DFB.de: 50 Jahre Lothar Matthäus. Wie würden Sie diese Zeit mit ein paar wenigen Sätzen skizzieren?

Matthäus: Turbulent, aufregend, spannend, erfolgreich. Das sind Begriffe, die ganz sicher diese Zeit treffend beschreiben. Die während der vergangenen 15 Jahre entstandene neue Medien-Welt begleitet mich aber leider auch mit Meldungen, die nicht der Wahrheit entsprechen und gegen die ich mich nicht wehren kann. Tatsächlich ist mein Leben nicht so, wie es von außen dargestellt wird. Mein Leben ist geordnet und geregelt. Ich bin für klare Linien und für klare Worte. Das war so auf dem Fußballplatz und so sieht auch mein Privatleben aus.
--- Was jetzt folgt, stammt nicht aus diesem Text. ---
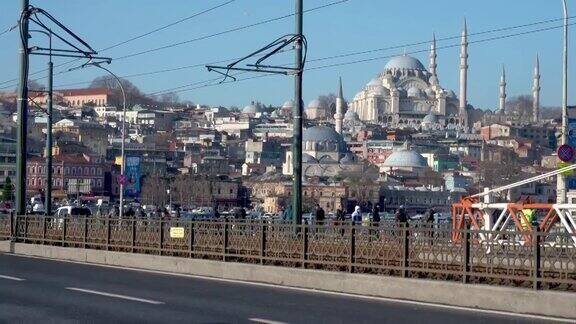 伊斯坦布尔加拉塔桥上的交通流量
DFB.de: Turbulent und geregelt beziehungsweise geordnet - besteht da nicht ein Widerspruch?

Matthäus: Hinter mir liegt eine Karriere, wie ich sie mir mit all ihren Erfolgen und Ehrungen als Jugendlicher nie hätte träumen lassen. Da steckt harte Arbeit und viel Disziplin dahinter. Doch alles hat seinen Preis. Häufig hat mein Privatleben unter dem permanenten Unterwegssein gelitten, weswegen es hin und wieder diese Turbulenzen gegeben hat. Dennoch halte ich mein Leben für geregelt und geordnet.

Lothar Matthäus wird 50

DFB.de: Welches war für Sie persönlich die wichtigste Entscheidung in diesen Jahren?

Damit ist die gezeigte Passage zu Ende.